The pavilion, along with the Braintree and Bocking Recreation Ground, on John Ray Street, were donated to residents of the district in 1927 by William Julien Courtauld.

A planning application has been submitted by trustees to knock down the pavilion.

The pavilion is classed as a “non-designated heritage asset of high significance”.

This means it is a building with a degree of significance and this must be considered in any planning decision.

Although the pavilion is in a poor condition, it is not deemed to be in a state of disrepair.

The application, submitted by Edward Paisley Associates, states that removal of the pavilion would “enhance the appearance of the site by removing unsightly structures.”

Braintree Council’s historic buildings consultant strongly objected to the proposal.

The objection said: “The demolition of the pavilion would result in the loss of a non-designated heritage asset of high local significance.

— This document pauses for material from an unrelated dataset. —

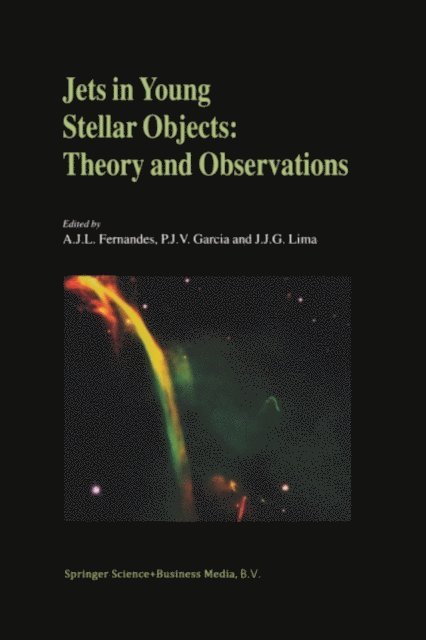 J.J.G. Lima, Paulo J.V. Garcia, A.J.L. Fernandes - Jets in Young Stellar Objects, E-bok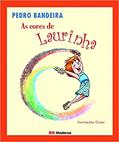 Ler As cores de Laurinha, do autor Pedro Bandeira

I therefore strongly object and advise Braintree Council to refuse consent in accordance with both national and local heritage policies.

“While in poor condition I do not consider the heritage asset beyond reasonable repair and advise the applicant to enter into pre-application discussions with the local planning authority at their earliest opportunity.”

Chairman of trustees, Shaun Dedman, believes trustees would look to replace it in the future.

He said: “We had replied for renewal of the hoardings around the pavilion but this was rejected.

“So the hoardings have to come down, and the pavilion is in such a bad state we had no other options.

It is not fit for purpose at the moment.

“In the future, we would look to replace and upgrade the pavilion so it can be used by a wider range of the public, but that would be reliant on money of course.”